Он просто стоял рядом и смотрел на нее как на постороннего человека. Как на происшествие. Как на очередной документ, который нужно оформить и передать дальше.
Зинаида Павловна подняла глаза.
И встретилась с ним взглядом.
Потом вдруг тихо, хрипло сказала:
— Ничего, сынок. Ничего. Всё пройдет.
Он дернулся, будто его ударили.
— Я не… — начал он.
И замолчал.
Вокруг стало так тихо, что было слышно, как где-то внизу хлопнула дверь. Люди переглядывались. Кто-то уже всё понял. Кто-то шептался.
Молодая секретарша смотрела на Александра Викторовича иначе. В ее глазах появилось что-то новое. Не страх. Не уважение. Что-то гораздо тяжелее.
— Александр Викторович, — тихо сказала она. — Это же… ваша мама.
Он молчал.
— Ваша мама, — повторила она уже громче. — Вы что, не узнали?
— Я… — он провел языком по пересохшим губам. — Я… Да. Конечно. Мама. Я просто… Я был занят. Я…
— Скорая приехала! — крикнул кто-то снизу.
Санитары быстро поднялись по лестнице. Осторожно переложили Зинаиду Павловну на носилки.
Она не стонала.
Не жаловалась.
Только смотрела на сына.
И в этом взгляде было всё.
Его первые шаги.
Первое слово.
Первый букварь.
Первый костюм.
Университет.
Диплом.
Вся ее жизнь, сложенная к его ногам.
— Сынок… — прошептала она. — Ты не переживай. Всё хорошо. Я сама. Я ведь всегда сама.
И носилки понесли вниз.
В больнице подтвердили перелом.
Сложный.
Шейка бедра.
Зинаида Павловна лежала в палате на четверых. Рядом храпели старухи, пахло лекарствами, бинтами и больничной едой. За окном висело серое небо, а у стекла чернели голые ветви березы.

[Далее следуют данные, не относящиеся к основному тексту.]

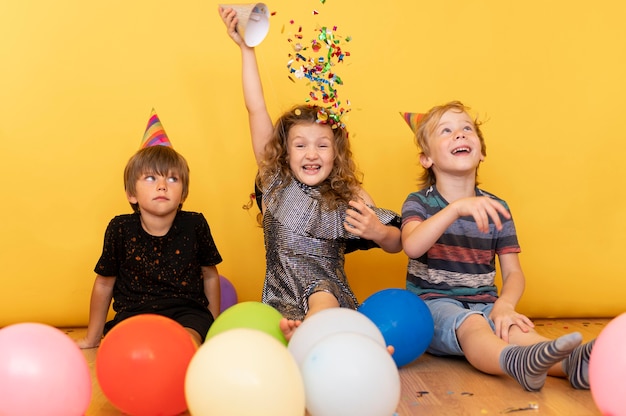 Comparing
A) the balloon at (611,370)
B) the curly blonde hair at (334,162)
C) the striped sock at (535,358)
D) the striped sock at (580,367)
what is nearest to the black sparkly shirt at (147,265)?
the curly blonde hair at (334,162)

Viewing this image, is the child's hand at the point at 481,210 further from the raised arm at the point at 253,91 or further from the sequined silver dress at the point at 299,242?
the raised arm at the point at 253,91

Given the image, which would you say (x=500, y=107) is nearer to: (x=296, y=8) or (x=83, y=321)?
(x=296, y=8)

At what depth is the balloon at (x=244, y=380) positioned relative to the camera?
892 millimetres

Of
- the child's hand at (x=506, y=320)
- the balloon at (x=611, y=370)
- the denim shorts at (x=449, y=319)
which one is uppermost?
the balloon at (x=611, y=370)

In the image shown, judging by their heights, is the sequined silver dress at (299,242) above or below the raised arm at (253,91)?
below

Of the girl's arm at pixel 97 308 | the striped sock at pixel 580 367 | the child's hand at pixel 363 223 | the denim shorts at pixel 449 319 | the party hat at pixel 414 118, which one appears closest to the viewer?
the striped sock at pixel 580 367

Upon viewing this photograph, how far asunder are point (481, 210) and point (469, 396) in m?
0.39

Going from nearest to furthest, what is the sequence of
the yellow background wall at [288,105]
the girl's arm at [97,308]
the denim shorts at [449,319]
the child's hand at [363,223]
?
the denim shorts at [449,319] < the child's hand at [363,223] < the girl's arm at [97,308] < the yellow background wall at [288,105]

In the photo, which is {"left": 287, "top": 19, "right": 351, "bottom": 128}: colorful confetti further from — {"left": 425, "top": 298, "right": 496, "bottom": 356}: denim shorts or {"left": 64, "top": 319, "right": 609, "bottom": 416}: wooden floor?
{"left": 64, "top": 319, "right": 609, "bottom": 416}: wooden floor

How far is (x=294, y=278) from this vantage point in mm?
1708

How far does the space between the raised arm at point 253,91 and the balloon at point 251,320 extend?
590 mm

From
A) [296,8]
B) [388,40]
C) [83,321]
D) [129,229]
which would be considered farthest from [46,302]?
[388,40]

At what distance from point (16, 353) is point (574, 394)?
1.01m

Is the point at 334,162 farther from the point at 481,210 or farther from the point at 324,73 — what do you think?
the point at 481,210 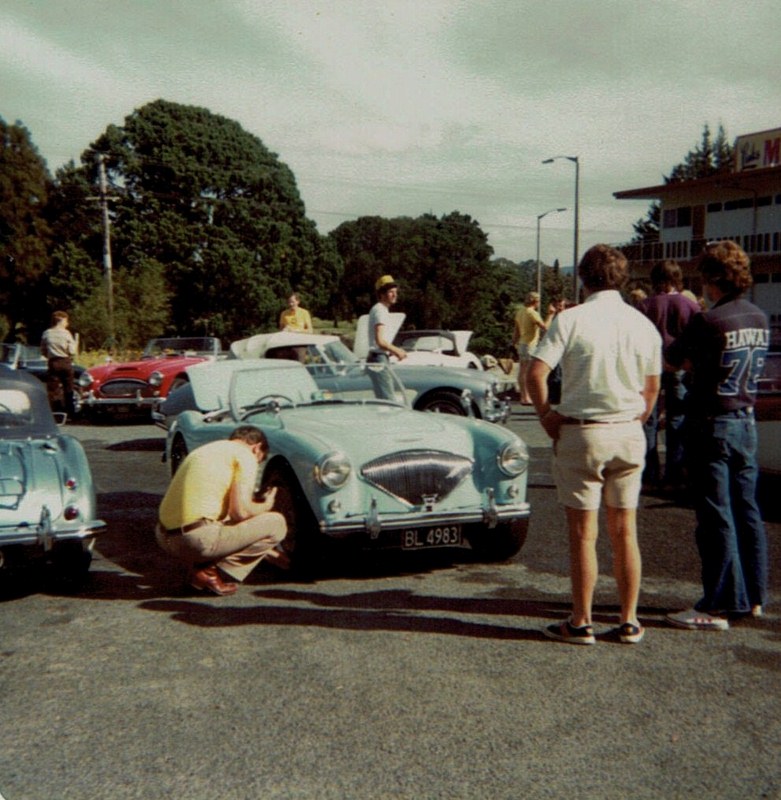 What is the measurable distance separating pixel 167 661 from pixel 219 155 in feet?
146

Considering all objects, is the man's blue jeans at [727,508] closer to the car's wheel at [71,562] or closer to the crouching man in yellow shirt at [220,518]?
the crouching man in yellow shirt at [220,518]

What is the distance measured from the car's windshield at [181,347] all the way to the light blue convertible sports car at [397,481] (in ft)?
36.5

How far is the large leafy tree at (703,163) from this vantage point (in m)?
78.1

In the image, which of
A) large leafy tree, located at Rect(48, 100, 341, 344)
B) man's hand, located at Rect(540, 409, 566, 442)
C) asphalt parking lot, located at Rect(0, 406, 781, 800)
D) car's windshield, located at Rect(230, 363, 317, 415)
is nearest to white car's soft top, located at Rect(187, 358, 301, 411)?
car's windshield, located at Rect(230, 363, 317, 415)

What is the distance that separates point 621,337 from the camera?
189 inches

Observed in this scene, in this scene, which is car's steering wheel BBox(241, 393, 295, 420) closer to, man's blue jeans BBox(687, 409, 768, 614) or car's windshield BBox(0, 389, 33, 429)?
car's windshield BBox(0, 389, 33, 429)

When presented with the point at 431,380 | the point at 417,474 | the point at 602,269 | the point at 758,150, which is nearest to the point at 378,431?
the point at 417,474

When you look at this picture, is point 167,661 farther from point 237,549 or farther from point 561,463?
point 561,463

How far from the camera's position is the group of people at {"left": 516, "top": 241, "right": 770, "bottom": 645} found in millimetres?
4773

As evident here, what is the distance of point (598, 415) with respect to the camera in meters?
4.77

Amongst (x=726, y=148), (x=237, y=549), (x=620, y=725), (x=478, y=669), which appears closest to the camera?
(x=620, y=725)

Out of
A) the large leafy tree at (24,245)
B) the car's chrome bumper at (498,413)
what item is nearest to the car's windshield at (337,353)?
the car's chrome bumper at (498,413)

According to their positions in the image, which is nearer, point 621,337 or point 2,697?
point 2,697

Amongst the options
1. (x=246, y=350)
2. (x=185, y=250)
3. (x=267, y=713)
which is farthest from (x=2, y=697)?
(x=185, y=250) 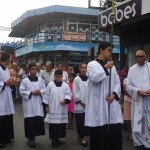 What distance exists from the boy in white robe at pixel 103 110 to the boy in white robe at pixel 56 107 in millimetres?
2287

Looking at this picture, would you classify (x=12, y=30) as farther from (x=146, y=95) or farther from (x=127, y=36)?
(x=146, y=95)

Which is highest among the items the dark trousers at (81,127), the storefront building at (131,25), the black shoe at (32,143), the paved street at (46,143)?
the storefront building at (131,25)

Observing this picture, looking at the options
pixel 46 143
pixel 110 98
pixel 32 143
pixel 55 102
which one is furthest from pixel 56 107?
pixel 110 98

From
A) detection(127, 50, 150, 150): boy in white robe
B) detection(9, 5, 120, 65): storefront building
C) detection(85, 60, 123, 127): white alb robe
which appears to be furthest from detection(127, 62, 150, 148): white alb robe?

Сын пришел только на третий день.
Вечером, когда в палате стало тише.
Он остановился в дверях и долго мялся, будто не знал, имеет ли право войти.
— Можно?
— Заходи.
Он сел на край стула.
Смотрел в пол.
Молчал.
— Ты чего такой? — спросила она. — Что-то случилось?
Он с трудом поднял голову.
— Мама… Я тогда, на лестнице… Я не хотел. Я просто растерялся.
— Растерялся, — повторила она тихо. — Двенадцать лет ходил мимо меня по коридору и не здоровался. Это тоже растерялся?
Он молчал. Только желваки двигались на скулах.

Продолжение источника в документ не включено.